**Given data:**

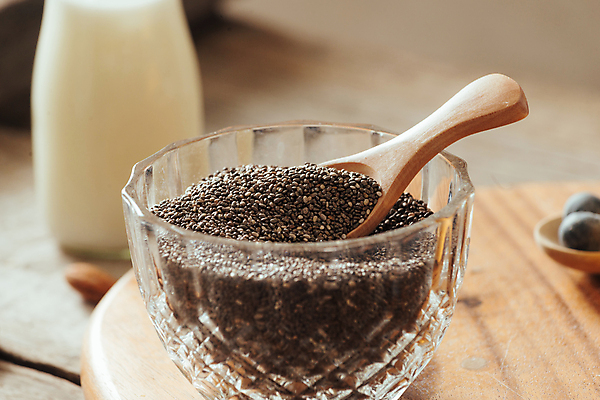 포토 JPG 해외이미지 실내 근접촬영 사람없음 우유 유리그릇 나무숟가락 다이어트음식 나무도마 슈퍼푸드 나무배경 치아시드 해외포토 그릇 뷰포인트 백그라운드 다이어트 유리 유제품 도마 씨앗 내부 목재 숟가락 건강식품 파일형식 이미지허브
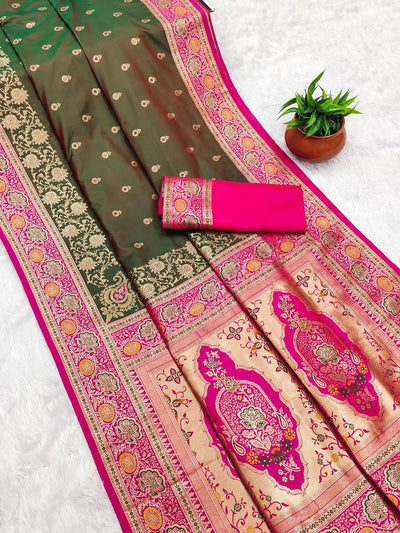 Amiable Green Soft Banarasi Silk Saree With Opulent Blouse Piece
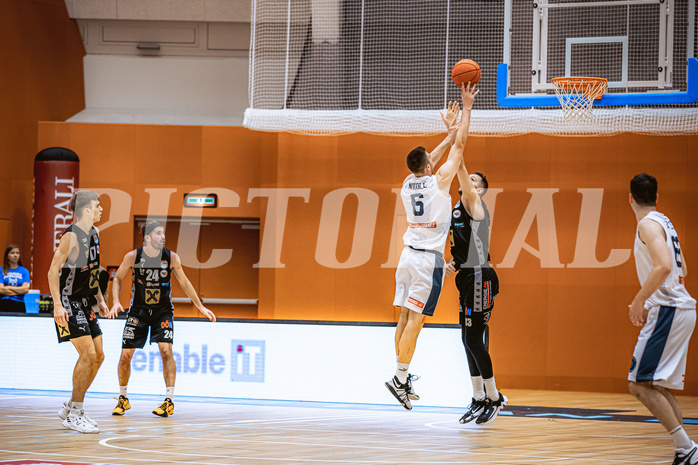 Basketball, Win2Day Superliga 2022/23, Grunddurchgang 3.Runde, Vienna D.C. Timberwolves, Raiffeisen Flyers Wels, Nemanja Nikolic (6), Arvydas Gydra (13)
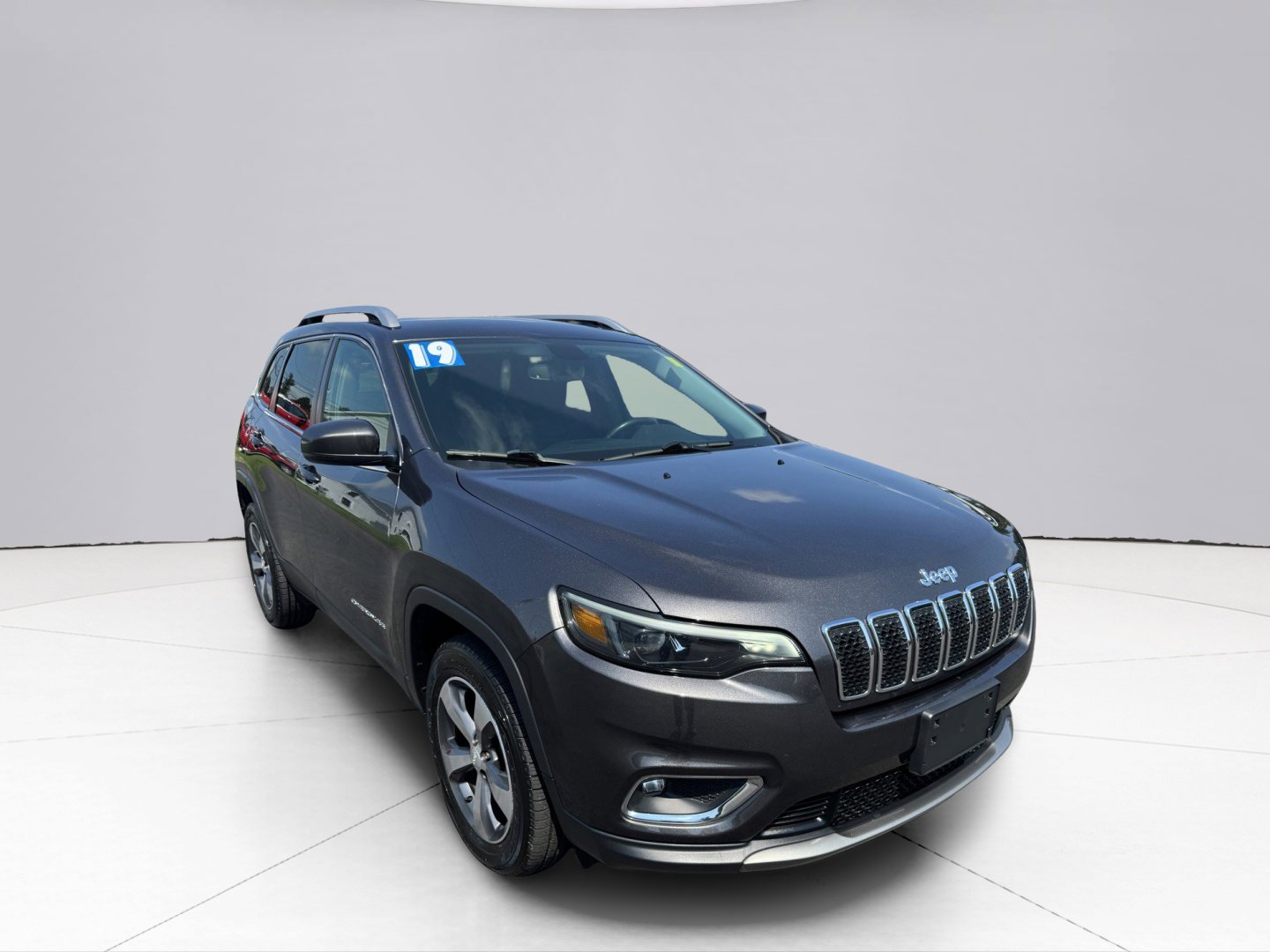 2019 Jeep Cherokee Vehicle Photo in LEOMINSTER, MA 01453-2952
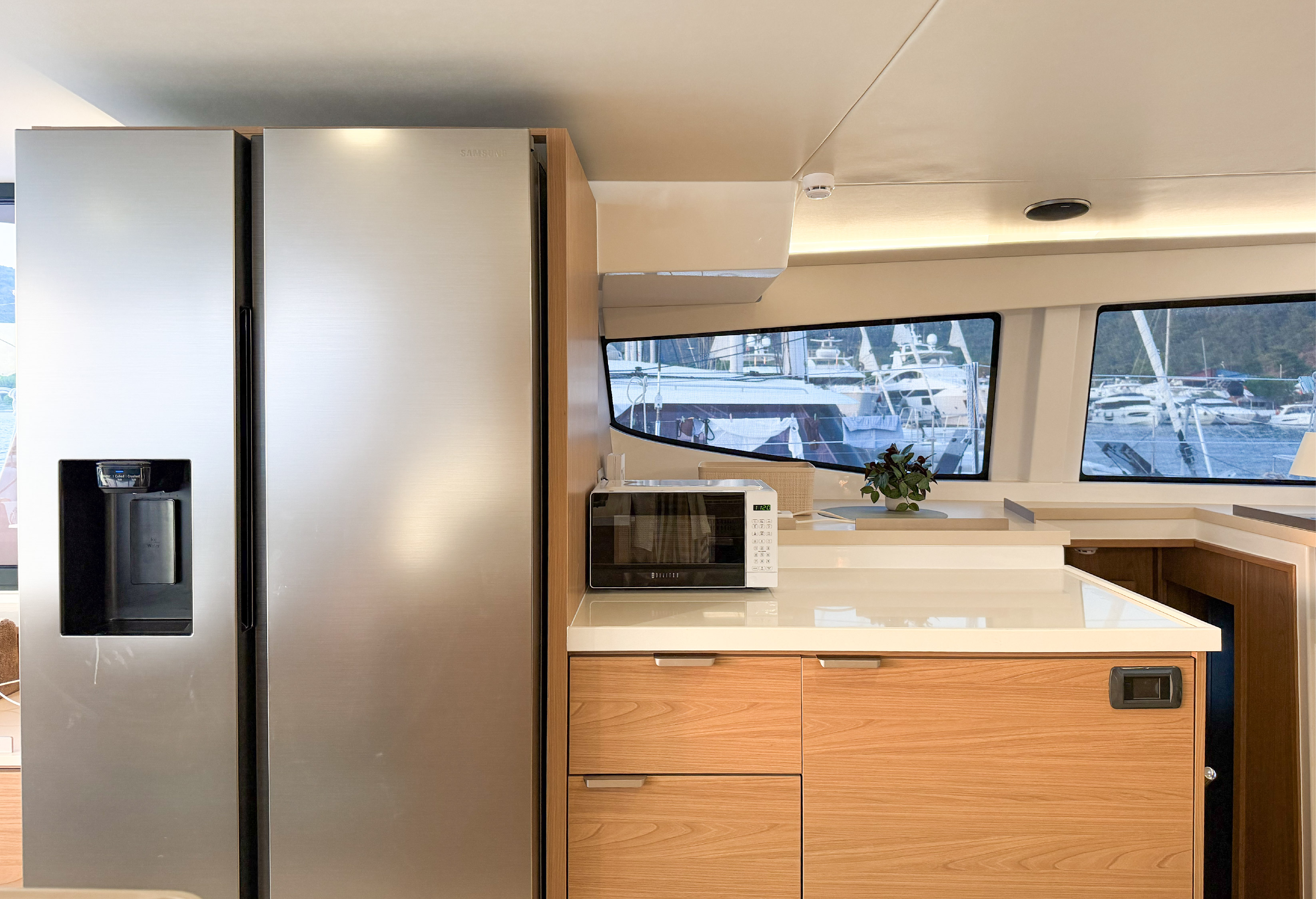 Yacht image 26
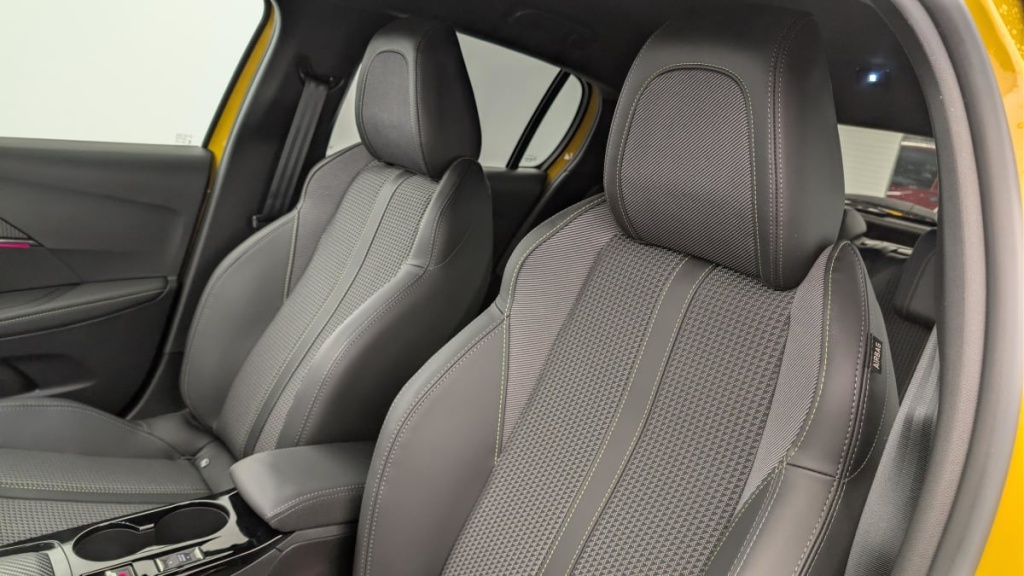 PEUGEOT 208 50 KWH 136CH GT - ref: 1-357831 - Photo 15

**Brief:** Send back the entries above exactly. Skip the images.

**Written solution:**
 포토 JPG 해외이미지 실내 근접촬영 사람없음 우유 유리그릇 나무숟가락 다이어트음식 나무도마 슈퍼푸드 나무배경 치아시드 해외포토 그릇 뷰포인트 백그라운드 다이어트 유리 유제품 도마 씨앗 내부 목재 숟가락 건강식품 파일형식 이미지허브
 Amiable Green Soft Banarasi Silk Saree With Opulent Blouse Piece
 Basketball, Win2Day Superliga 2022/23, Grunddurchgang 3.Runde, Vienna D.C. Timberwolves, Raiffeisen Flyers Wels, Nemanja Nikolic (6), Arvydas Gydra (13)
 2019 Jeep Cherokee Vehicle Photo in LEOMINSTER, MA 01453-2952
 Yacht image 26
 PEUGEOT 208 50 KWH 136CH GT - ref: 1-357831 - Photo 15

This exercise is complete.